◆ **WHAT TO WORK ON**
From the line with "A participant experimenting" to the line with "Cute Zombie couple", retype each line exactly as it stands in the records below, but skip the pictures.

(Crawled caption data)
──────────
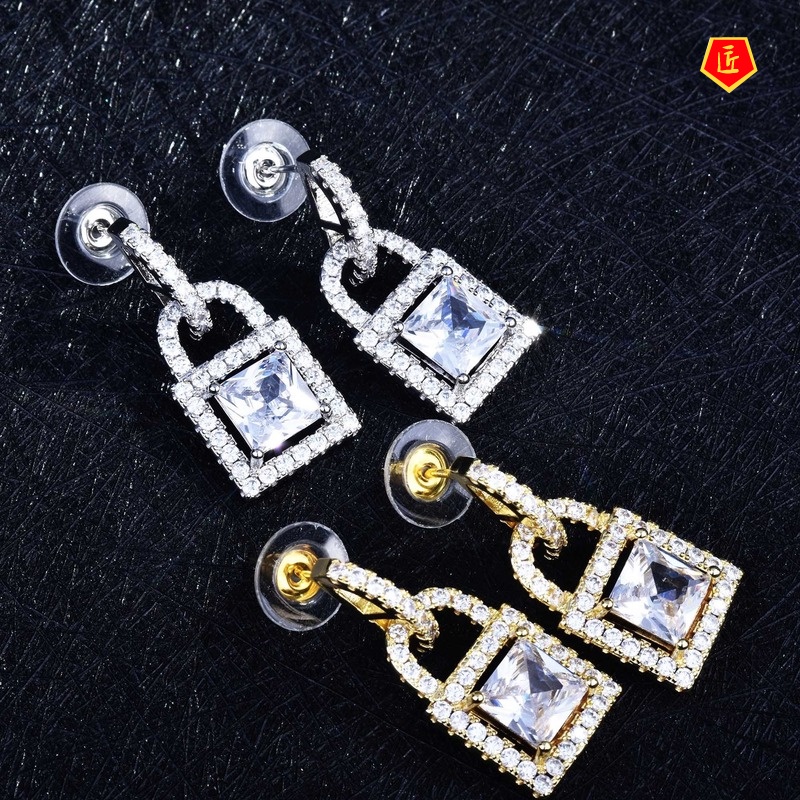 [Ready Stock]Cool Style Personalized Micro-Inlaid Diamond Small Lock Ear Studs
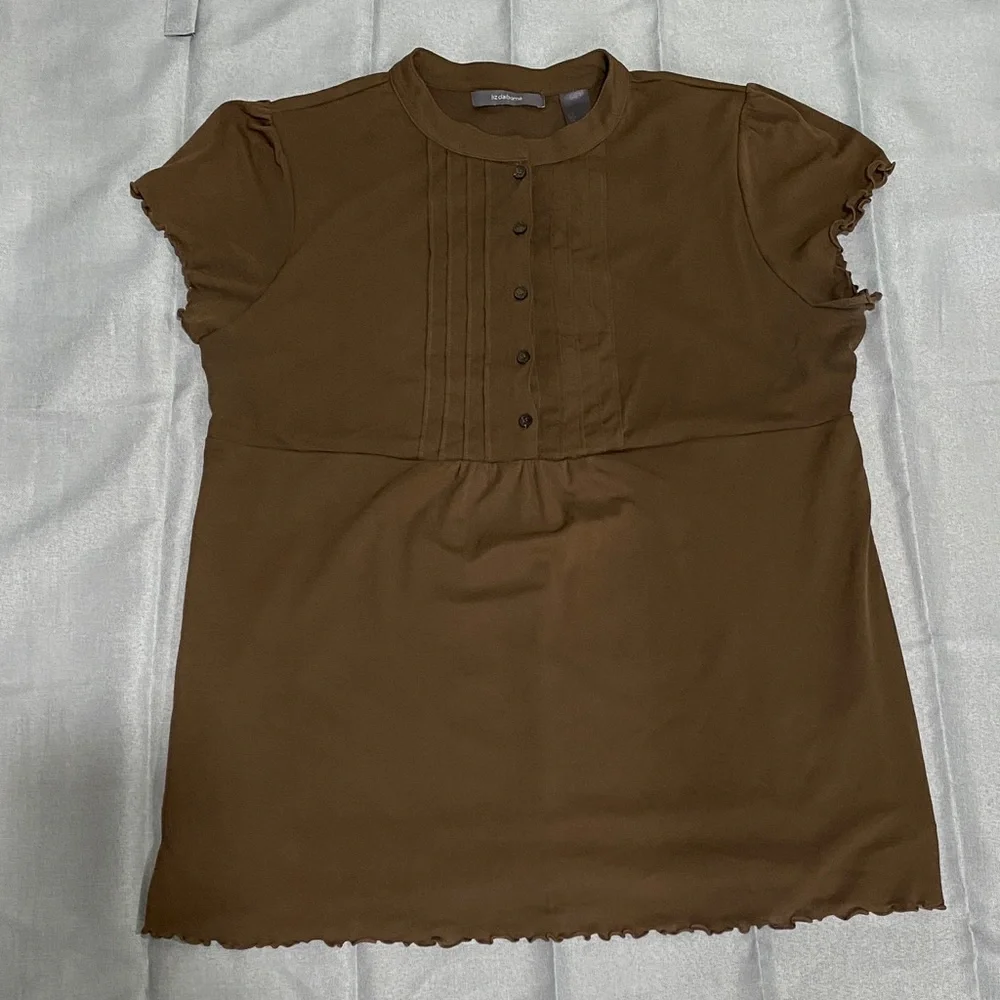 Liz Claiborne Chocolate Button-Up Blouse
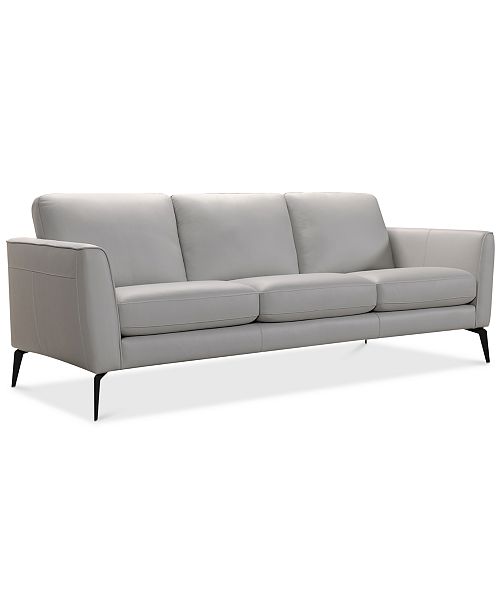 furniture renleigh 86" leather sofa, created for macy's - furniture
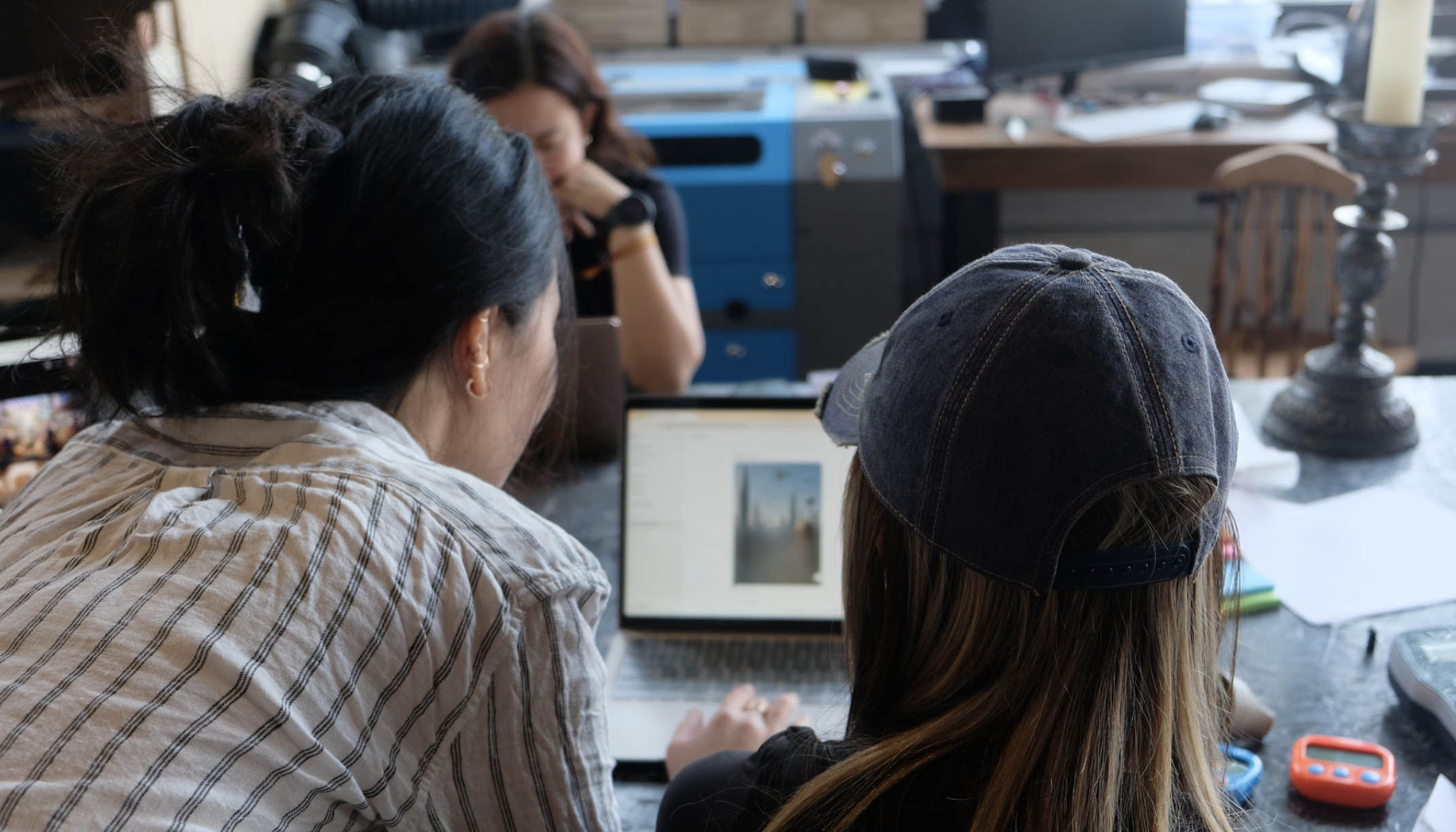 A participant experimenting with a text-to-image model.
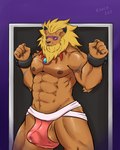 5_fingers absurd_res angry anthro ball_slip balls bandai_namco barely_visible_balls barely_visible_genitalia blonde_hair bodily_fluids bottomwear bulge clothed clothing cuff_(restraint) cum digimon digimon_(species) drooling ear_piercing ear_ring erection fingers fur genital_fluids genitals hair hi_res hypnosis hypnotic_visor jock jockstrap kento267 kidnap kidnapping leomon male mind_break mind_control muscular muscular_anthro muscular_male muscular_sub nipples orange_body orange_fur pants piercing precum restraints ring_piercing saliva shackles side_balls solo speedo spiral submissive submissive_male swimwear underwear visor
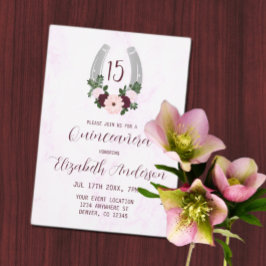 Bloraler Western Horseshoe Quinceanera Einladung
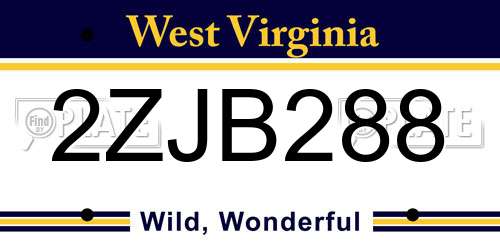2ZJB288 West Virginia License Plate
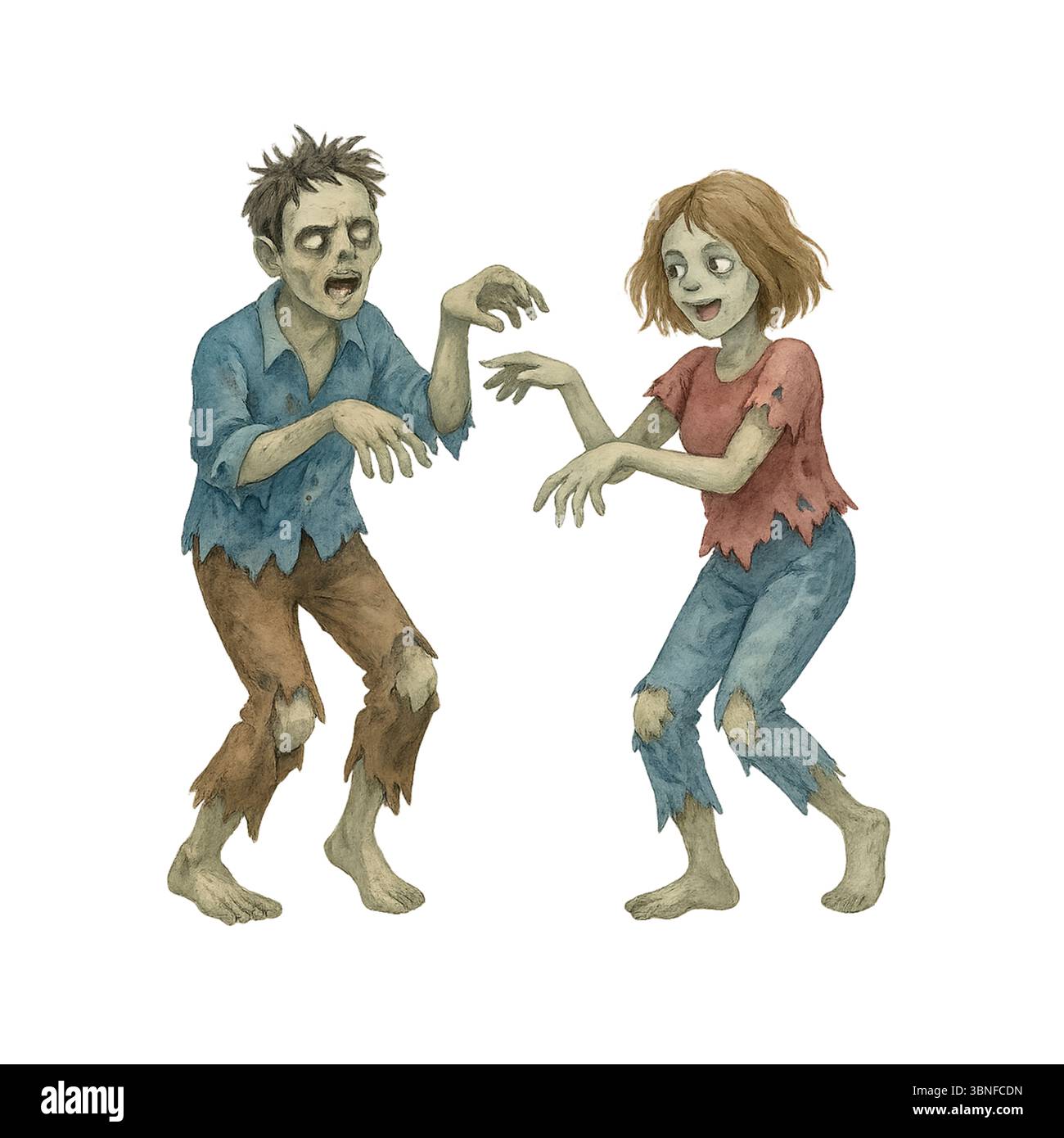 Cute Zombie couple Dancing – Aquarelle Halloween illustration Banque D'Images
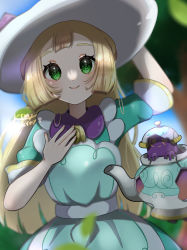Rule 34 | 1girl, absurdres, arm up, bad id, bad pixiv id, blonde hair, blurry, blush, closed mouth, commentary request, creatures (company), day, dress, eyelashes, game freak, gen 8 pokemon, green dress, green eyes, hand up, hat, highres, kurumiya (krmy p), lillie (pokemon), lillie (special costume) (pokemon), long hair, looking at viewer, nail polish, nintendo, official alternate costume, outdoors, pink nails, pokemon, pokemon (creature), pokemon masters ex, polteageist, short sleeves, smile, white headwear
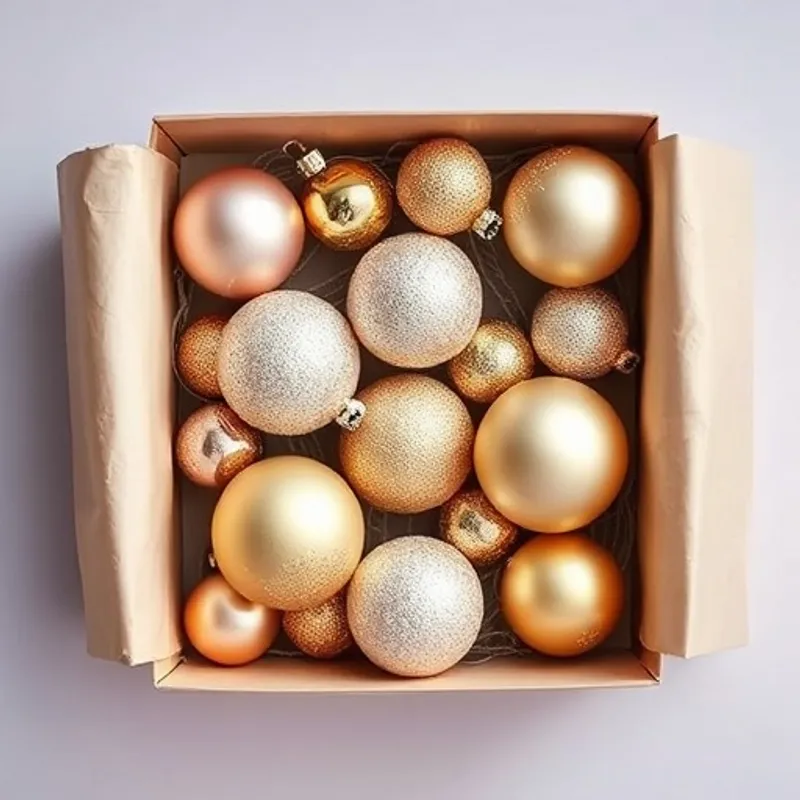 Boules de Noël pailletées assorties dans un coffret cadeau pastel et or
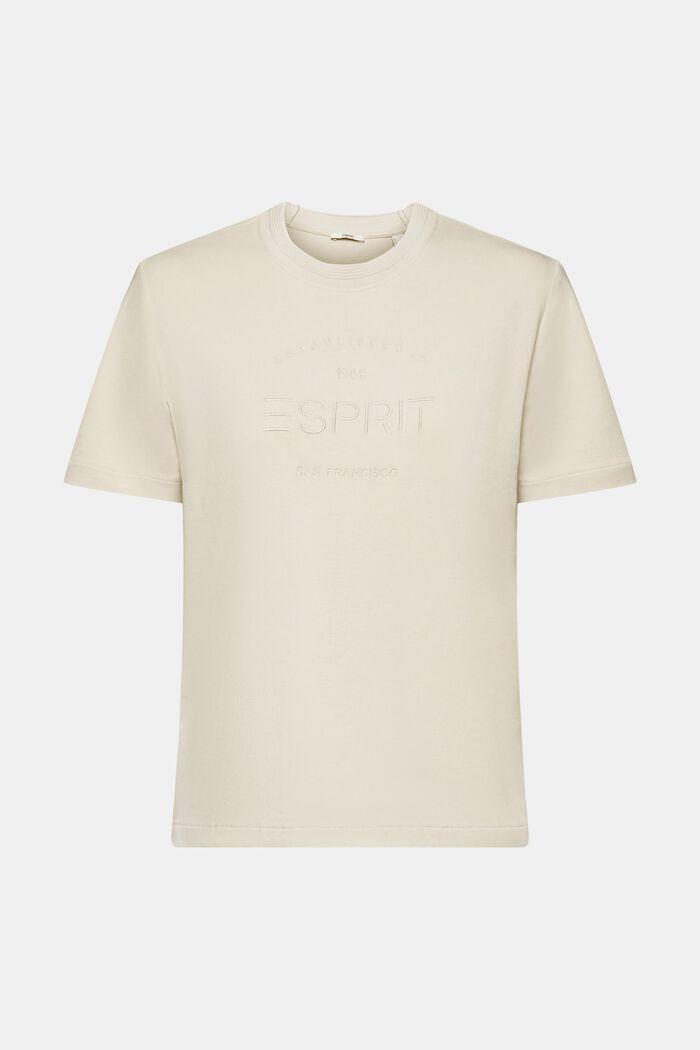 T-shirt z bawełny organicznej z haftowanym logo, LIGHT TAUPE, detail image number 6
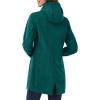 imageOutdoor Ventures Womens Lightweight Waterproof Fleece Lined Hooded Softshell Rain Jacket Warm Windbreaker Long CoatGreen Check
──────────
◆ **RESULT FOR THIS EXERCISE**
 A participant experimenting with a text-to-image model.
 5_fingers absurd_res angry anthro ball_slip balls bandai_namco barely_visible_balls barely_visible_genitalia blonde_hair bodily_fluids bottomwear bulge clothed clothing cuff_(restraint) cum digimon digimon_(species) drooling ear_piercing ear_ring erection fingers fur genital_fluids genitals hair hi_res hypnosis hypnotic_visor jock jockstrap kento267 kidnap kidnapping leomon male mind_break mind_control muscular muscular_anthro muscular_male muscular_sub nipples orange_body orange_fur pants piercing precum restraints ring_piercing saliva shackles side_balls solo speedo spiral submissive submissive_male swimwear underwear visor
 Bloraler Western Horseshoe Quinceanera Einladung
2ZJB288 West Virginia License Plate
 Cute Zombie couple Dancing – Aquarelle Halloween illustration Banque D'Images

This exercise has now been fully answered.